> **Task item**: Reproduce, exactly and in full, the lines from the one with "Actor Maccio Capatonda" through the one with "d*2様 遊戯王カード　大量まとめ売り 遊戯王" in the data below; drop pictures.
---------- Material for this exercise
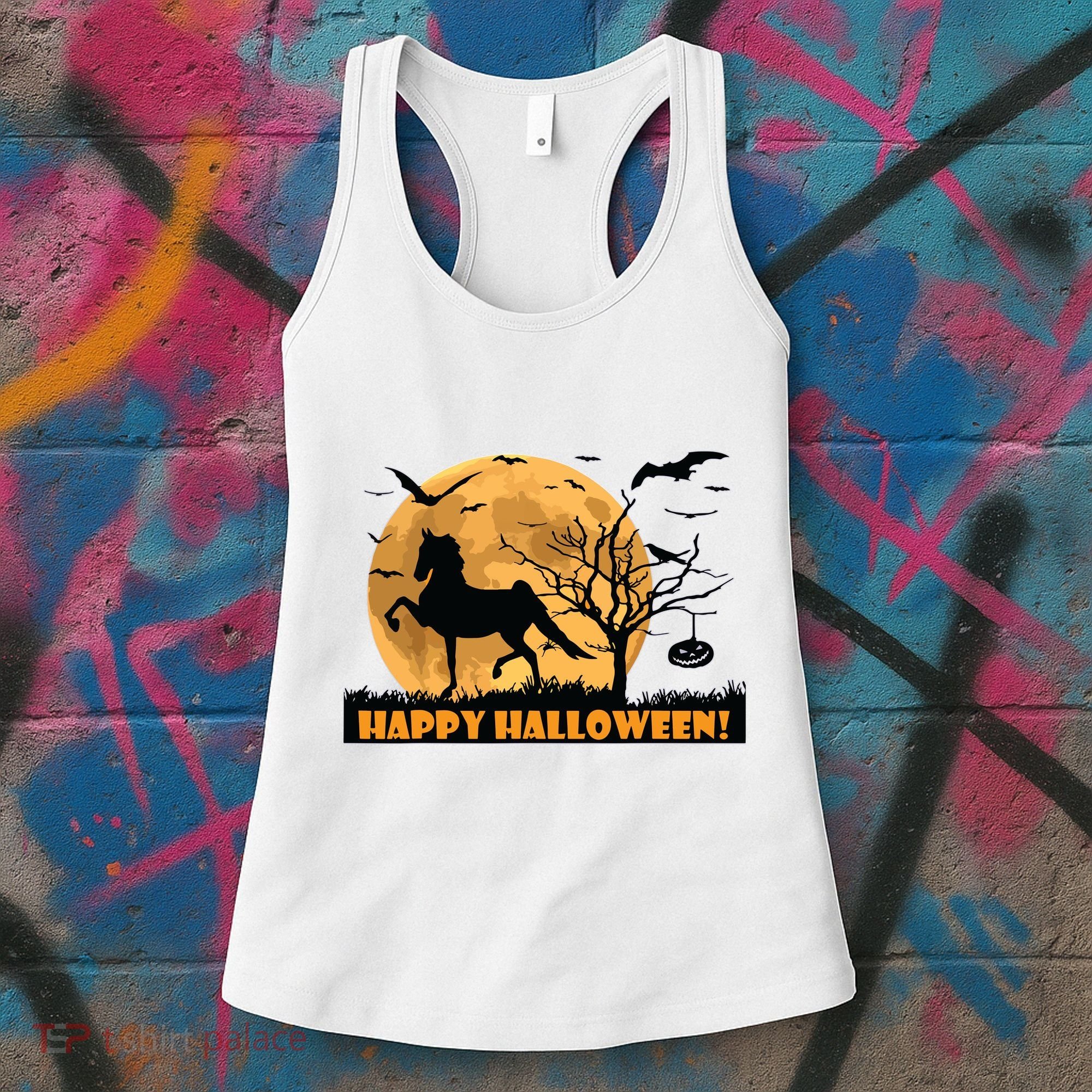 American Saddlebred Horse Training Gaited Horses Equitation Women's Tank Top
--------------------
---------- Material for this exercise
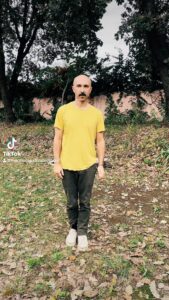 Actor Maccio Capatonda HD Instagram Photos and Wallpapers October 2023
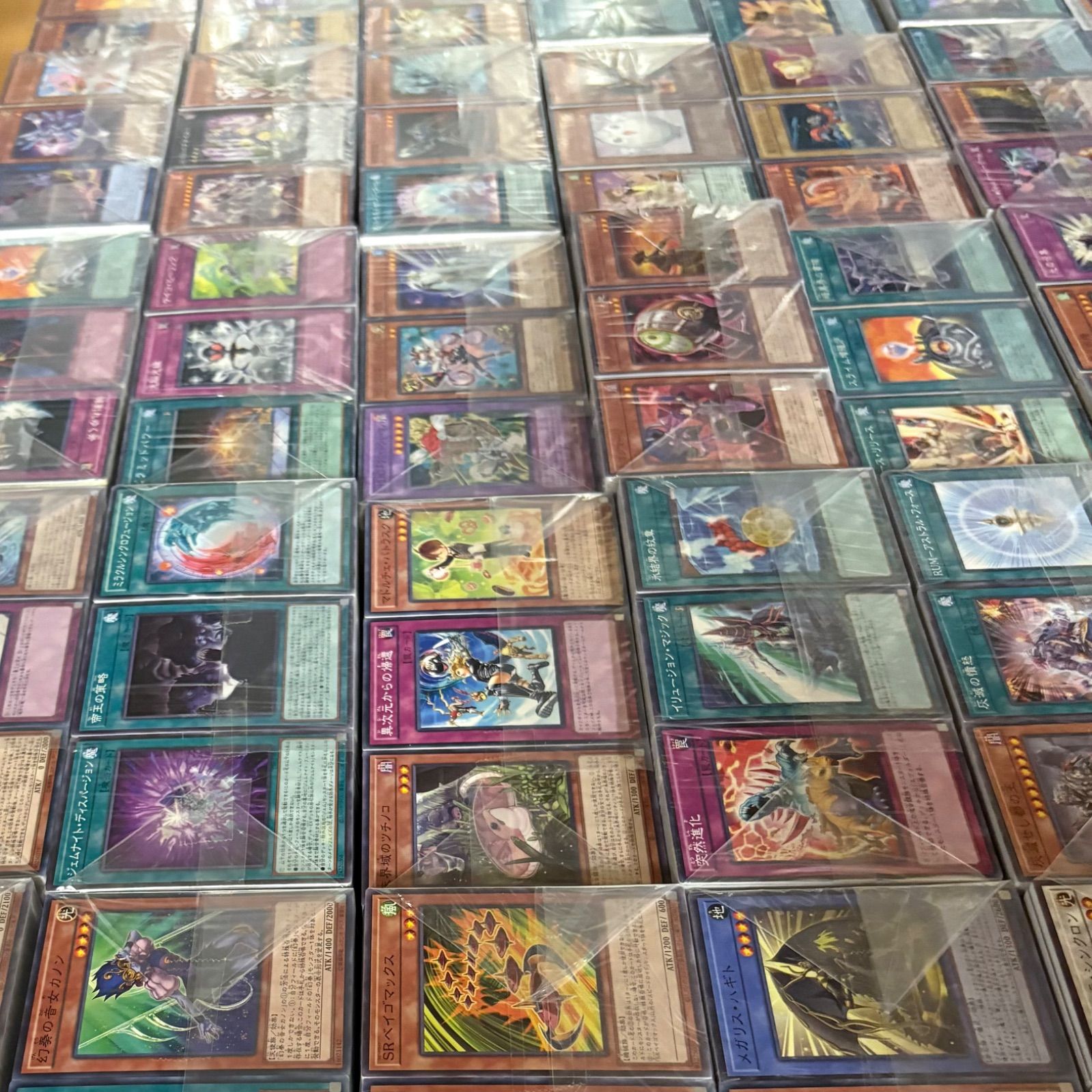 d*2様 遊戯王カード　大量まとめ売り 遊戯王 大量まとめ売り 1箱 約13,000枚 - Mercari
--------------------
---------- Material for this exercise
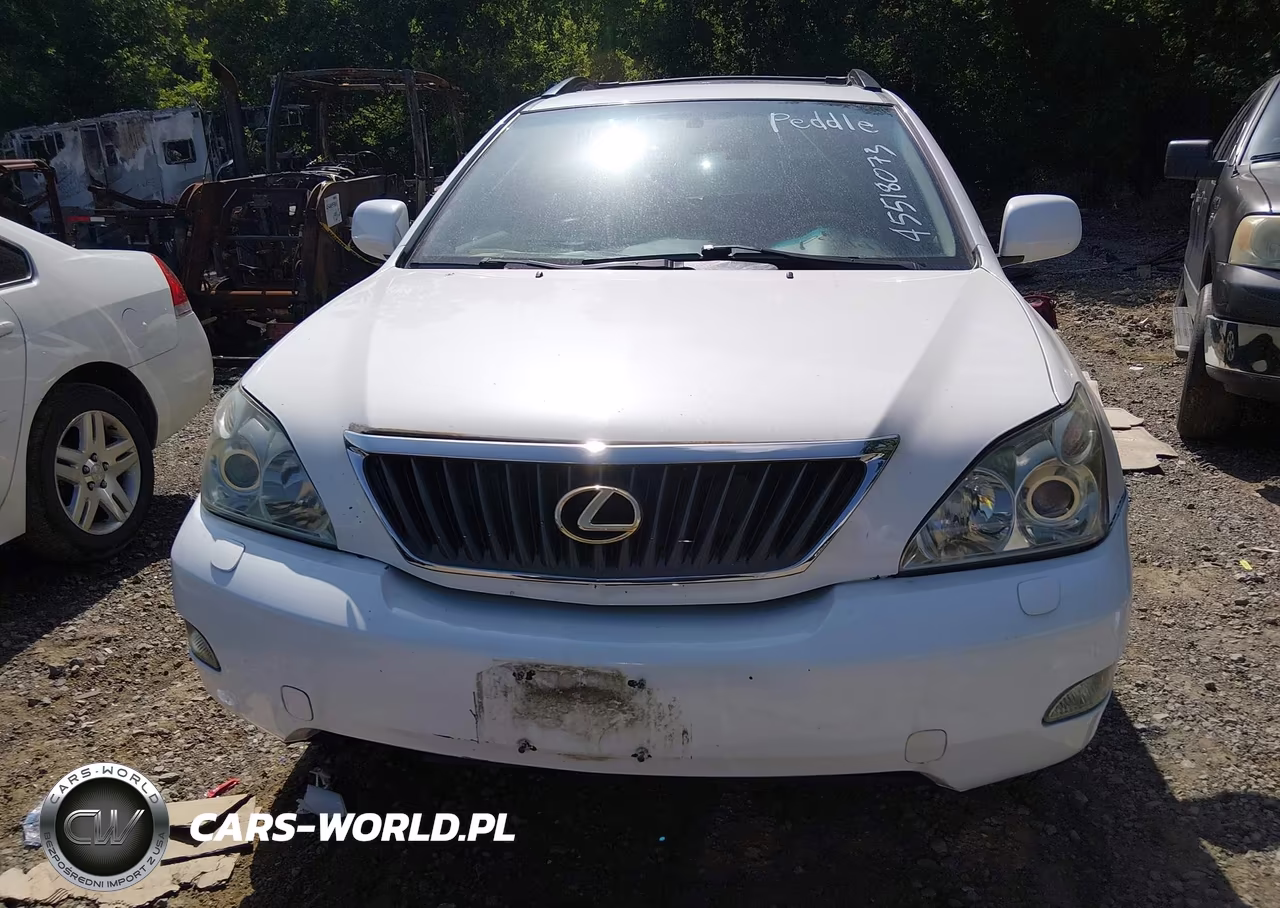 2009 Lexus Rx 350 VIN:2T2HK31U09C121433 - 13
--------------------
> **Answer area**:
 Actor Maccio Capatonda HD Instagram Photos and Wallpapers October 2023
 d*2様 遊戯王カード　大量まとめ売り 遊戯王 大量まとめ売り 1箱 約13,000枚 - Mercari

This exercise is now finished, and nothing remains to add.